Now if we conveniently ignore the issues around the accuracy and reliability of finding these bony landmarks, especially in some of our more adipose challenged or muscular athletes, and instead look at the other often overlooked issue when using bony landmarks to assess structural position, that of the impossibility of interpreting any difference in position due to normal bony anatomical structural variances.
slide 23
Preece did a nice little study looking at just this, he dissected 30 pelvic cadavers, and measured the angles between the ASIS and PSIS, and found there was high levels of variability between the angles, ranging from 0 degrees up to 23 degrees so making any clinical test that uses these landmarks unreliable.
slide 24
The other common illusion around diagnostic palpation of the sacroiliac joint is that therapists think they can feel it move too much or too little, and so decide if it’s too stiff or too loose, however the credibility of palpating a sacroiliac joint move, and I use the word move here very, very loosely, as it’s only a few millimetres at best, under layers of tissue, ligaments and muscles is simply ridiculous, and yet this practice is still used and taught widely.
slide 25
There are many good quality studies that show terrible inter and intra reliability and validity for these sacroiliac joint movement tests such as Riddle in 2002, with the kappa scores of these tests being extremely poor
slide 26
And then Robinson in 2006 who found the kappa values now in the minus figures for these same tests, so why these diagnostic palpation practices around the SIJ are still in wide-spread use is baffling, it’s nothing more than palpatory pareidolia at its worst.
slide 27
So I hope that I have very briefly demonstrated that diagnostic palpation in musculoskeletal medicine does have a useful and important role, but, these tests all rely on pain provocation.

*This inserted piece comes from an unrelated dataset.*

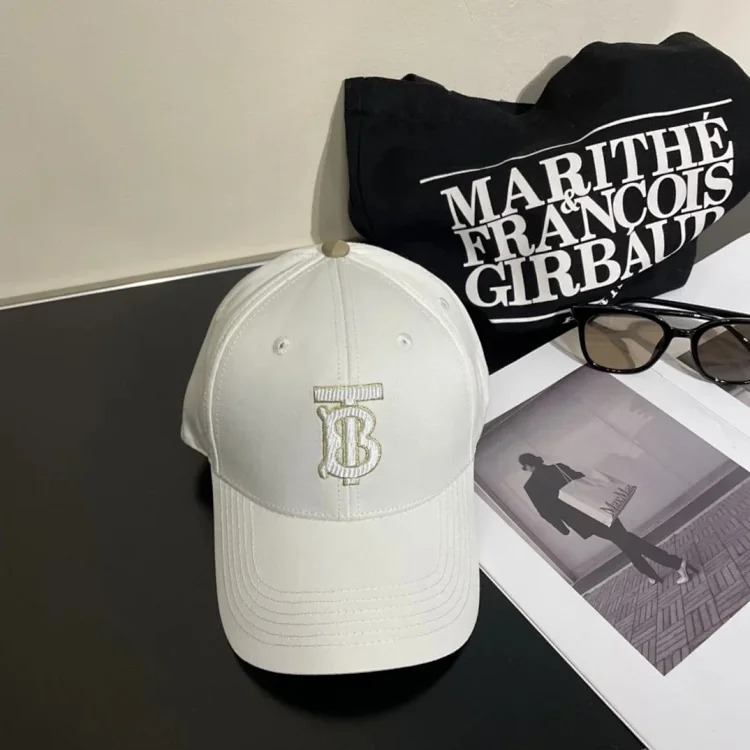 ￥120 Fashion casual hat M26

I also hope that I have raised your awareness a little, that within the in the world of musculoskeletal therapy a lot of diagnostic palpation tests have some ridiculous, far-fetched and un-evidenced claims, and I hope the next time you hear a therapist explaining to you or a patient that they have felt a stiff spine, or a that a sacroiliac joint is not moving properly, or even that they have felt a knot in a muscle you will remember the role that palpation pareidolia plays.